START Data under study
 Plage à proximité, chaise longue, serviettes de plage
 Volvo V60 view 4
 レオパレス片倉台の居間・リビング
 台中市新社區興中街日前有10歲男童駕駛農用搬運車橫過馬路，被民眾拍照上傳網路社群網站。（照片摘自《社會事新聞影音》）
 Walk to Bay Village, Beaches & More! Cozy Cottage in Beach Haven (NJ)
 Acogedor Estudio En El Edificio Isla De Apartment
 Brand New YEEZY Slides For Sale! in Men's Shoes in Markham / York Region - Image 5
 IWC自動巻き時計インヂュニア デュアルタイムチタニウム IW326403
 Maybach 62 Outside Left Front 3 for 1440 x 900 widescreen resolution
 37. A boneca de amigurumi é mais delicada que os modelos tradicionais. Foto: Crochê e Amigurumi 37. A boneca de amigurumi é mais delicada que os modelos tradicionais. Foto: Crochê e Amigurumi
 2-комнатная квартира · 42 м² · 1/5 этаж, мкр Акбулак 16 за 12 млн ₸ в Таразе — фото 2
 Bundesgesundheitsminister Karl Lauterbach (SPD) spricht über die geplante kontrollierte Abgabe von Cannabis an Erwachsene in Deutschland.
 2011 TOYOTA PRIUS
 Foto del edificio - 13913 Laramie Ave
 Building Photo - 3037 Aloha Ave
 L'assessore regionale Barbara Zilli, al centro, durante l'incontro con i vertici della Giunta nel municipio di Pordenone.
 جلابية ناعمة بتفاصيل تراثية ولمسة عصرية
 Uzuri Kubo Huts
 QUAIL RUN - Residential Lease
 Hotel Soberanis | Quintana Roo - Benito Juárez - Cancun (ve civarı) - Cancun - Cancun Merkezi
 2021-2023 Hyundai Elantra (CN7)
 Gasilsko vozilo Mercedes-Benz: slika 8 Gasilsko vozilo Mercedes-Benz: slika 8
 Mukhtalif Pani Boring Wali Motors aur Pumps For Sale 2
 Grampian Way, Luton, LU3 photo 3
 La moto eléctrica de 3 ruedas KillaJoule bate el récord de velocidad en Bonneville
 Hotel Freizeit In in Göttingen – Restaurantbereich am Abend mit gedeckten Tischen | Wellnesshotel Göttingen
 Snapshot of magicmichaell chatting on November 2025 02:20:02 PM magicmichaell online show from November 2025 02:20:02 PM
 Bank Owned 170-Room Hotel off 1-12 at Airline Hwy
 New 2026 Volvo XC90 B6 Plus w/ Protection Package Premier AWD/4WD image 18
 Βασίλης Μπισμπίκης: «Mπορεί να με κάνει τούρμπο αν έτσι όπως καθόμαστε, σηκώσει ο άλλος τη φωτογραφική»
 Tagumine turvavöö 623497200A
END Data under study
▸ Your objective
Give every line above again, word for word.

▸ Response for this exercise
 Plage à proximité, chaise longue, serviettes de plage
 Volvo V60 view 4
 レオパレス片倉台の居間・リビング
 台中市新社區興中街日前有10歲男童駕駛農用搬運車橫過馬路，被民眾拍照上傳網路社群網站。（照片摘自《社會事新聞影音》）
 Walk to Bay Village, Beaches & More! Cozy Cottage in Beach Haven (NJ)
 Acogedor Estudio En El Edificio Isla De Apartment
 Brand New YEEZY Slides For Sale! in Men's Shoes in Markham / York Region - Image 5
 IWC自動巻き時計インヂュニア デュアルタイムチタニウム IW326403
 Maybach 62 Outside Left Front 3 for 1440 x 900 widescreen resolution
 37. A boneca de amigurumi é mais delicada que os modelos tradicionais. Foto: Crochê e Amigurumi 37. A boneca de amigurumi é mais delicada que os modelos tradicionais. Foto: Crochê e Amigurumi
 2-комнатная квартира · 42 м² · 1/5 этаж, мкр Акбулак 16 за 12 млн ₸ в Таразе — фото 2
 Bundesgesundheitsminister Karl Lauterbach (SPD) spricht über die geplante kontrollierte Abgabe von Cannabis an Erwachsene in Deutschland.
 2011 TOYOTA PRIUS
 Foto del edificio - 13913 Laramie Ave
 Building Photo - 3037 Aloha Ave
 L'assessore regionale Barbara Zilli, al centro, durante l'incontro con i vertici della Giunta nel municipio di Pordenone.
 جلابية ناعمة بتفاصيل تراثية ولمسة عصرية
 Uzuri Kubo Huts
 QUAIL RUN - Residential Lease
 Hotel Soberanis | Quintana Roo - Benito Juárez - Cancun (ve civarı) - Cancun - Cancun Merkezi
 2021-2023 Hyundai Elantra (CN7)
 Gasilsko vozilo Mercedes-Benz: slika 8 Gasilsko vozilo Mercedes-Benz: slika 8
 Mukhtalif Pani Boring Wali Motors aur Pumps For Sale 2
 Grampian Way, Luton, LU3 photo 3
 La moto eléctrica de 3 ruedas KillaJoule bate el récord de velocidad en Bonneville
 Hotel Freizeit In in Göttingen – Restaurantbereich am Abend mit gedeckten Tischen | Wellnesshotel Göttingen
 Snapshot of magicmichaell chatting on November 2025 02:20:02 PM magicmichaell online show from November 2025 02:20:02 PM
 Bank Owned 170-Room Hotel off 1-12 at Airline Hwy
 New 2026 Volvo XC90 B6 Plus w/ Protection Package Premier AWD/4WD image 18
 Βασίλης Μπισμπίκης: «Mπορεί να με κάνει τούρμπο αν έτσι όπως καθόμαστε, σηκώσει ο άλλος τη φωτογραφική»
 Tagumine turvavöö 623497200A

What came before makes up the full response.